_PROMPT_: Each line in the records below, from the one that contains "Noisy May Kurzer" to the one that contains "ノーカラールーズモダンシャツ　0794", should be reproduced exactly, the first and last included.

_RECORD EXCERPTS_:
□ □ □ □ □
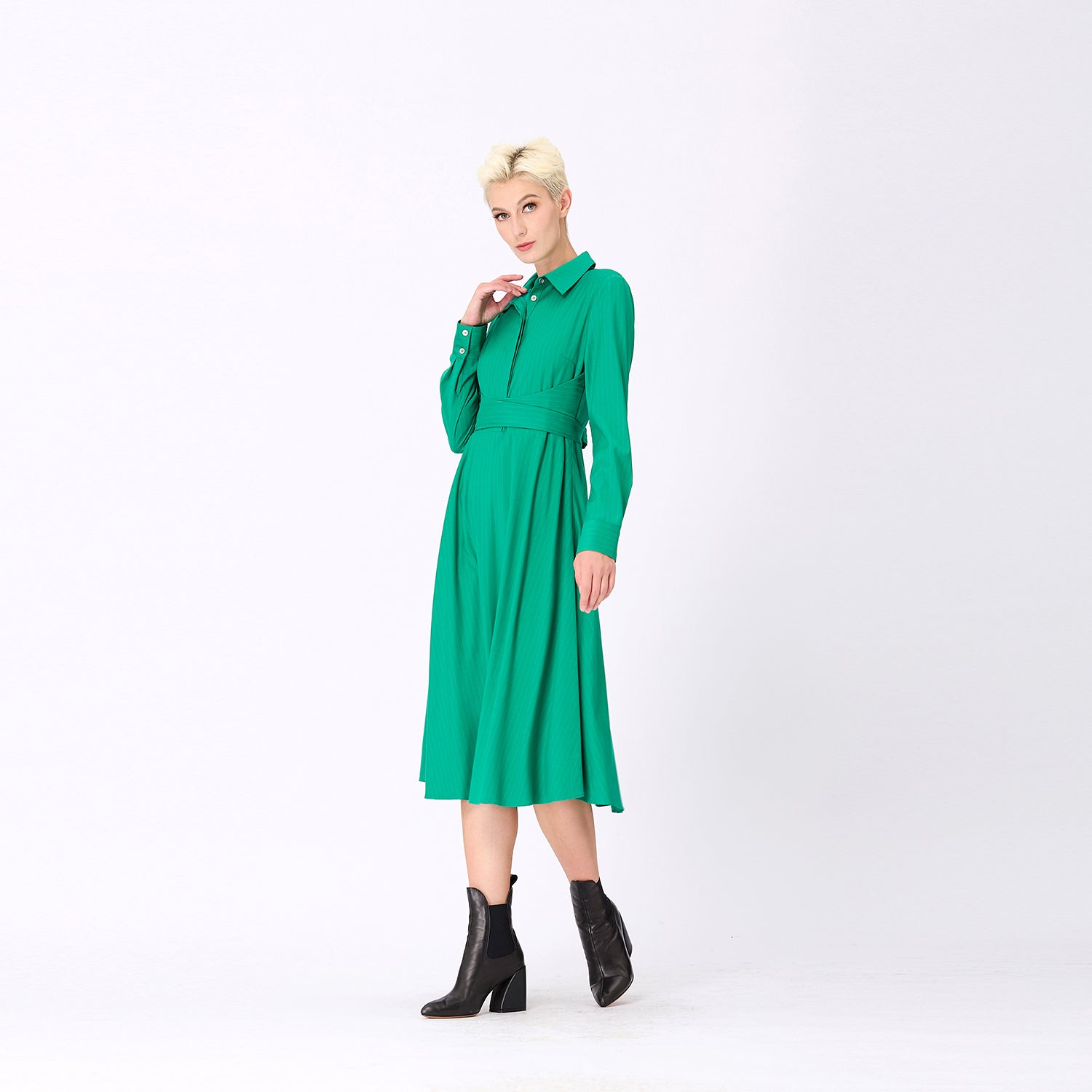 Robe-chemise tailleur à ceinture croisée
□ □ □ □ □
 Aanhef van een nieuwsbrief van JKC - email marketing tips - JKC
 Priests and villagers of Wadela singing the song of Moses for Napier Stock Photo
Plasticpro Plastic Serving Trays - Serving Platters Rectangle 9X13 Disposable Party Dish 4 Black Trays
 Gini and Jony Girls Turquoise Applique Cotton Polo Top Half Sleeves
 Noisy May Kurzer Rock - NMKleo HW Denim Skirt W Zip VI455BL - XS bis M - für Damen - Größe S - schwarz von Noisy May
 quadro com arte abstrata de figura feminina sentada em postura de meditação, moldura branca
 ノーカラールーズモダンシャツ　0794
□ □ □ □ □
_TASK RESPONSE_:
 Noisy May Kurzer Rock - NMKleo HW Denim Skirt W Zip VI455BL - XS bis M - für Damen - Größe S - schwarz von Noisy May
 quadro com arte abstrata de figura feminina sentada em postura de meditação, moldura branca
 ノーカラールーズモダンシャツ　0794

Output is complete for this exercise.